Dear Mr. Mactaggart,
As privacy practitioners, we share your passion and dedication to the development of information privacy and data protection law in the United States. We acknowledge your achievement in pushing for the enactment of the California Consumer Privacy Act (CCPA) and contributing to the ongoing national conversation to advance privacy rights. Your commitment to these issues is clear, and we commend the seriousness of your work in addressing privacy rights in accordance with your vision.
We write in the spirit of constructive development of privacy regulation, and offer the following comments in the hope of contributing to the goal we share with you: improving the quality and effectiveness of U.S. privacy and data protection law while ensuring the continued innovation and flexibility that so benefit our society. Although we often advise the regulated community on privacy and data protection matters, the views expressed here are our own.

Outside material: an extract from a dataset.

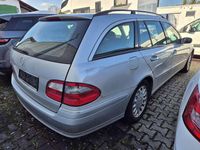 Gebraucht Mercedes E220 Elegance 150 PS (110 kW) 2003 Silber Kombi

At the outset, we note that there are important improvements in your proposed initiative relative to the enacted CCPA. Many of your new initiative’s provisions could serve to move privacy and data security law in a positive direction. In this vein, we note the following:
- Transparency. Greater transparency on uses of data and profiling helps people understand how their data is used and how it may affect their choices and daily lives. Similarly, where opaque logic and automated decision-making about significant matters are at issue, businesses owe data subjects the benefit of an intelligible explanation. That is only fair. We thus support your initiative’s focus on this topic, which will encourage businesses to focus carefully on digital governance, help the public understand what the risks and benefits of data use are, and allow regulators to act where such uses are unfair, abusive or discriminatory.
- Downstream obligations. We also support your initiative’s mandate for downstream obligations on third parties to notify transferring entities about significant data privacy incidents and unauthorized uses. Similar to what is already required with respect to data security incidents under federal financial and health privacy law, and more broadly under all 50 U.S. state data breach laws, third parties entrusted with sensitive personal data on behalf of another entity should notify the data “owner” about privacy violations and abuses that arise within their responsibility or custody.
- Household information. Your sensitivity to intra-household access rights is well placed and deserves support. People can feel extraordinarily strongly about not sharing certain information, such as browsing history or viewing data, with their parents, spouse, children or roommates, even when they are all living happily (hopefully) in the same household. The initiative’s recognition of this real-world sensitivity is a good thing.
- Cyber risk assessments and audits. Your proposed requirement that large data processors undertake annual cyber risk assessments or audits could help promote enhanced data security (and is in line with what many responsible large data processors already strive to do).
- Publicly available information. Your expansion of what constitutes “publicly available information,” and is thus not personal information, is also well taken. Voluntarily publicized and widely distributed information—in addition to government records—should not be treated as private information. That revision from CCPA 1.0 simply makes good sense, conforms to practical reality, and respects the free flow of information.
That said, while we believe these and other aspects of your ballot initiative are salutary, we are concerned that some aspects of the initiative may not deliver the benefits hoped for, or could otherwise be unworkable or unduly burdensome – especially for smaller entities. That is why we would ask you to revisit the extent to which your initiative takes account of the full range of factors implicated by information privacy and data protection regulation, and balance those factors as necessary in the overall interest of the citizenry.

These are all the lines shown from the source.